__How to complete this task__. Nothing but the lines from the one with "Arham Designer Polki" down to the one with "Boîte à déjeuner" should be returned, exactly and with both ends included, from the material below.

__Exercise data__.
────────────────────
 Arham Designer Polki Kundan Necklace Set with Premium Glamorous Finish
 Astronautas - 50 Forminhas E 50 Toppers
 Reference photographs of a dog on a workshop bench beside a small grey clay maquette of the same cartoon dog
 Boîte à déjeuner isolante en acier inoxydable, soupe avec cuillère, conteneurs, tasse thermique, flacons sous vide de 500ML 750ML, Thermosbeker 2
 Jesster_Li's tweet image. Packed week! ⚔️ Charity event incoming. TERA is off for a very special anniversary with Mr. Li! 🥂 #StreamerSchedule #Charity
────────────────────
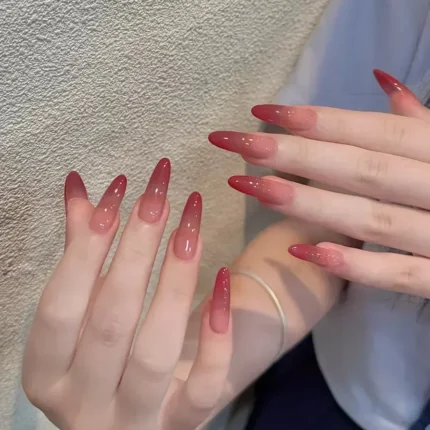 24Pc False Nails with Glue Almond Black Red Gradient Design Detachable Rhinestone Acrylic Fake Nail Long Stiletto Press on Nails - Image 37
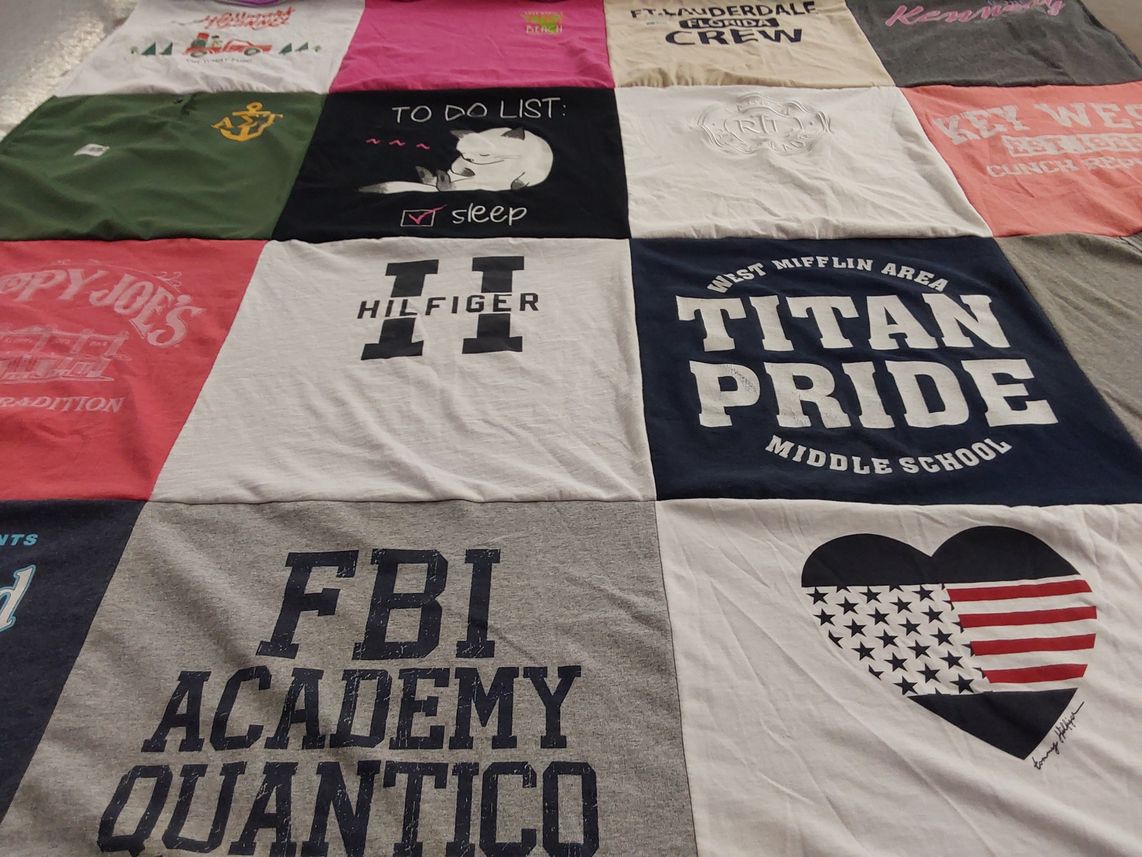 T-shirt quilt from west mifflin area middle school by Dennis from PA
────────────────────
__Output for this task__.
 Arham Designer Polki Kundan Necklace Set with Premium Glamorous Finish
 Astronautas - 50 Forminhas E 50 Toppers
 Reference photographs of a dog on a workshop bench beside a small grey clay maquette of the same cartoon dog
 Boîte à déjeuner isolante en acier inoxydable, soupe avec cuillère, conteneurs, tasse thermique, flacons sous vide de 500ML 750ML, Thermosbeker 2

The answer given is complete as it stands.